Planning commissioners will also have a discussion Wednesday about the city’s short-term rental rules. “The planning commission and department staff have discussed at length the fact that there are numerous levers affecting our community's housing crisis, both in terms of availability and affordability, and that no single action will serve as a panacea to that crisis,” according to a memo from Winter. “It was also discussed last year that the planning commission's purview is largely limited to land use, which addresses the availability component, and in turn through supply and demand has the potential to help alleviate the affordability component.”
One aspect of land use the board could take up is “instituting a limit or cap on short-term rentals, specifically vacation home rentals, in the districts where there currently aren't any limitations,” Winter says.
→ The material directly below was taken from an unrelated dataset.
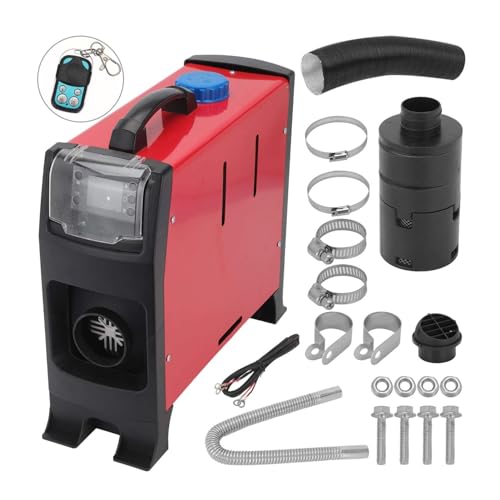 Calentador de aire diésel de 12 V y 5 Kw con 1 orificio, calentador de automóvil portátil de noche, juego de calentador de vehículo diésel con monitor LCD, calentador de estacionamiento remoto rápi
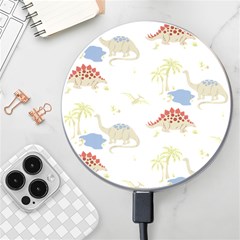 Dinosaur Art Pattern Wireless Fast Charger(white) by Ket1n9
Planning commissioners previously sent a recommendation to city commissioners to establish those limits, which were approved in the C-1 and C-2 districts – where no more than 25 percent of units in a building can be vacation rentals.
However, in the hotel-resort and industrial districts, there’s no limit on short-term rentals. City commissioners didn’t put a cap there because other lodging facilities are allowed, but Winter notes there’s an “argument to be made that a multiple-family structure with each dwelling owned by a separate condo owner is very different than a lodging facility that is owned and operated by a single entity, typically with staff on-site 24 hours a day.” Planning commissioners will consider Wednesday whether they want to start pursuing a cap on short-term rentals in those unrestricted districts.
Finally, planning commissioners will consider appointing three representatives to a Riparian Buffer Ordinance Committee, which will work on finishing a long-discussed set of rules that would regulate how development can occur along rivers and other waterways. Work to finalize the ordinance was delayed by the pandemic and by other major planning projects – including a new master plan and mobility action plan – but has been identified as a top priority by planning commissioners. As proposed, the Riparian Buffer Ordinance Committee would include three planning commissioners (including one city commission member), five key city staff members, three at-large waterfront residents, and one representative from the Michigan Department of Environment, Great Lakes, and Energy. The Watershed Center Grand Traverse Bay is also recommended to serve in an advisory capacity to the committee “to share best practices and potential regulatory solutions,” according to Winter.